[Web page caption snippets]
━━━━━━━━━━

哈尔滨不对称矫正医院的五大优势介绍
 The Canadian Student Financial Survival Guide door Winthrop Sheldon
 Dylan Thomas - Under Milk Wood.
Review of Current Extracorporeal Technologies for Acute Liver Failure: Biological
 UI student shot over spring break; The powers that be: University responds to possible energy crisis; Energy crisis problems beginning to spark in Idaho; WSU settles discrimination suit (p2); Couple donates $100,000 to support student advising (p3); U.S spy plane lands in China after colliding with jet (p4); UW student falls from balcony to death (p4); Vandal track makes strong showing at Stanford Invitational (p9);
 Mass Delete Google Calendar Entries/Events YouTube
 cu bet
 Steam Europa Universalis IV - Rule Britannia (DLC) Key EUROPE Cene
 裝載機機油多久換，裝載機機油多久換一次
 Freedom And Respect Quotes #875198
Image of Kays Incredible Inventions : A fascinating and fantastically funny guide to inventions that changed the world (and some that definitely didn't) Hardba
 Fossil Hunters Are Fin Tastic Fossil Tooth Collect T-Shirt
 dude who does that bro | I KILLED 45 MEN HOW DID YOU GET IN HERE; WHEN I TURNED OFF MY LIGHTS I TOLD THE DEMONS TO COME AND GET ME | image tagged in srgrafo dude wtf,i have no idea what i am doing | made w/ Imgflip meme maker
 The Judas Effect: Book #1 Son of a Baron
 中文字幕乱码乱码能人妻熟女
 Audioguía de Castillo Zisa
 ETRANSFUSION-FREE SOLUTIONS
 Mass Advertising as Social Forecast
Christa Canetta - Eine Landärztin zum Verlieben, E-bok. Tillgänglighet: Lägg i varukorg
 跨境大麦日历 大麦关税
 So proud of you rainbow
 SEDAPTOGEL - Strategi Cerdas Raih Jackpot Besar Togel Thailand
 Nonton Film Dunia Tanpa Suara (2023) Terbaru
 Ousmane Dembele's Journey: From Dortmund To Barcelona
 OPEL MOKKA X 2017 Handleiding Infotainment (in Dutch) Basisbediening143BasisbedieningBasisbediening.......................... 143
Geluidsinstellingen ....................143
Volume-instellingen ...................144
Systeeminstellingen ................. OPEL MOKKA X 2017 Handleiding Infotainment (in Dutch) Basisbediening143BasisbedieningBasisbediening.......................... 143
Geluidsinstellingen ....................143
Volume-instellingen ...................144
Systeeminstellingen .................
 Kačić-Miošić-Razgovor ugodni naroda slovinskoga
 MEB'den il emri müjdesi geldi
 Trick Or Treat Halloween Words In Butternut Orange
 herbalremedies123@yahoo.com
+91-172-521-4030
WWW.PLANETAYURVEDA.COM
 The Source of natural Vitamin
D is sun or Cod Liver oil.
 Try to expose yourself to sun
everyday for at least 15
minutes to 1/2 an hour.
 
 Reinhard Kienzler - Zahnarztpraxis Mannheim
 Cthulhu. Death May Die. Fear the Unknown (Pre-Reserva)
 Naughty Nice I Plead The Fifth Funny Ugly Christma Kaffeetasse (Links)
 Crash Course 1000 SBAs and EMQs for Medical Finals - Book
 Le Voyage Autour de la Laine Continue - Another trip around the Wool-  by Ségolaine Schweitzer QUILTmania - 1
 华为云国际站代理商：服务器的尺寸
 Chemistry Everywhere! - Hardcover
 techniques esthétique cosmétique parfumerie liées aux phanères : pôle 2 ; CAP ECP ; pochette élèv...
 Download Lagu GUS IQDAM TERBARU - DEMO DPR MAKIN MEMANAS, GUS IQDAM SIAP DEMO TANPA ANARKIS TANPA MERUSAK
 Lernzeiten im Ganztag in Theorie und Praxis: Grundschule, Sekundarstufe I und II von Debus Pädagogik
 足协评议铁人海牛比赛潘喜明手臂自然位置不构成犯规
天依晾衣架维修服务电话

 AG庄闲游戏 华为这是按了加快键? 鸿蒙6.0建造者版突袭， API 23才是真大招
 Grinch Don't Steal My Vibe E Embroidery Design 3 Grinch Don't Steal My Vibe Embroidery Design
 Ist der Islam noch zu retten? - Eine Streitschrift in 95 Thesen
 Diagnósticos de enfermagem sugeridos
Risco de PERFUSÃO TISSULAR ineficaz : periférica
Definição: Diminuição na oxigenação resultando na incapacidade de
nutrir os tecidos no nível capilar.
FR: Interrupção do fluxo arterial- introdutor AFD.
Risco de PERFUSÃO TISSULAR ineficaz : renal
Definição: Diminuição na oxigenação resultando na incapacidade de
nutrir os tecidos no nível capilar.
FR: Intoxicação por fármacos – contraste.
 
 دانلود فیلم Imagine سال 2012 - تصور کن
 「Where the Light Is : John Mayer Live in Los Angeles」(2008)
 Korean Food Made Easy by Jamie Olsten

━━━━━━━━━━

*Task goal*. Copy the data exactly. Leave nothing out.

*Answer box*.
哈尔滨不对称矫正医院的五大优势介绍
 The Canadian Student Financial Survival Guide door Winthrop Sheldon
 Dylan Thomas - Under Milk Wood.
Review of Current Extracorporeal Technologies for Acute Liver Failure: Biological
 UI student shot over spring break; The powers that be: University responds to possible energy crisis; Energy crisis problems beginning to spark in Idaho; WSU settles discrimination suit (p2); Couple donates $100,000 to support student advising (p3); U.S spy plane lands in China after colliding with jet (p4); UW student falls from balcony to death (p4); Vandal track makes strong showing at Stanford Invitational (p9);
 Mass Delete Google Calendar Entries/Events YouTube
 cu bet
 Steam Europa Universalis IV - Rule Britannia (DLC) Key EUROPE Cene
 裝載機機油多久換，裝載機機油多久換一次
 Freedom And Respect Quotes #875198
Image of Kays Incredible Inventions : A fascinating and fantastically funny guide to inventions that changed the world (and some that definitely didn't) Hardba
 Fossil Hunters Are Fin Tastic Fossil Tooth Collect T-Shirt
 dude who does that bro | I KILLED 45 MEN HOW DID YOU GET IN HERE; WHEN I TURNED OFF MY LIGHTS I TOLD THE DEMONS TO COME AND GET ME | image tagged in srgrafo dude wtf,i have no idea what i am doing | made w/ Imgflip meme maker
 The Judas Effect: Book #1 Son of a Baron
 中文字幕乱码乱码能人妻熟女
 Audioguía de Castillo Zisa
 ETRANSFUSION-FREE SOLUTIONS
 Mass Advertising as Social Forecast
Christa Canetta - Eine Landärztin zum Verlieben, E-bok. Tillgänglighet: Lägg i varukorg
 跨境大麦日历 大麦关税
 So proud of you rainbow
 SEDAPTOGEL - Strategi Cerdas Raih Jackpot Besar Togel Thailand
 Nonton Film Dunia Tanpa Suara (2023) Terbaru
 Ousmane Dembele's Journey: From Dortmund To Barcelona
 OPEL MOKKA X 2017 Handleiding Infotainment (in Dutch) Basisbediening143BasisbedieningBasisbediening.......................... 143
Geluidsinstellingen ....................143
Volume-instellingen ...................144
Systeeminstellingen ................. OPEL MOKKA X 2017 Handleiding Infotainment (in Dutch) Basisbediening143BasisbedieningBasisbediening.......................... 143
Geluidsinstellingen ....................143
Volume-instellingen ...................144
Systeeminstellingen .................
 Kačić-Miošić-Razgovor ugodni naroda slovinskoga
 MEB'den il emri müjdesi geldi
 Trick Or Treat Halloween Words In Butternut Orange
 herbalremedies123@yahoo.com
+91-172-521-4030
WWW.PLANETAYURVEDA.COM
 The Source of natural Vitamin
D is sun or Cod Liver oil.
 Try to expose yourself to sun
everyday for at least 15
minutes to 1/2 an hour.
 
 Reinhard Kienzler - Zahnarztpraxis Mannheim
 Cthulhu. Death May Die. Fear the Unknown (Pre-Reserva)
 Naughty Nice I Plead The Fifth Funny Ugly Christma Kaffeetasse (Links)
 Crash Course 1000 SBAs and EMQs for Medical Finals - Book
 Le Voyage Autour de la Laine Continue - Another trip around the Wool-  by Ségolaine Schweitzer QUILTmania - 1
 华为云国际站代理商：服务器的尺寸
 Chemistry Everywhere! - Hardcover
 techniques esthétique cosmétique parfumerie liées aux phanères : pôle 2 ; CAP ECP ; pochette élèv...
 Download Lagu GUS IQDAM TERBARU - DEMO DPR MAKIN MEMANAS, GUS IQDAM SIAP DEMO TANPA ANARKIS TANPA MERUSAK
 Lernzeiten im Ganztag in Theorie und Praxis: Grundschule, Sekundarstufe I und II von Debus Pädagogik
 足协评议铁人海牛比赛潘喜明手臂自然位置不构成犯规
天依晾衣架维修服务电话

 AG庄闲游戏 华为这是按了加快键? 鸿蒙6.0建造者版突袭， API 23才是真大招
 Grinch Don't Steal My Vibe E Embroidery Design 3 Grinch Don't Steal My Vibe Embroidery Design
 Ist der Islam noch zu retten? - Eine Streitschrift in 95 Thesen
 Diagnósticos de enfermagem sugeridos
Risco de PERFUSÃO TISSULAR ineficaz : periférica
Definição: Diminuição na oxigenação resultando na incapacidade de
nutrir os tecidos no nível capilar.
FR: Interrupção do fluxo arterial- introdutor AFD.
Risco de PERFUSÃO TISSULAR ineficaz : renal
Definição: Diminuição na oxigenação resultando na incapacidade de
nutrir os tecidos no nível capilar.
FR: Intoxicação por fármacos – contraste.
 
 دانلود فیلم Imagine سال 2012 - تصور کن
 「Where the Light Is : John Mayer Live in Los Angeles」(2008)
 Korean Food Made Easy by Jamie Olsten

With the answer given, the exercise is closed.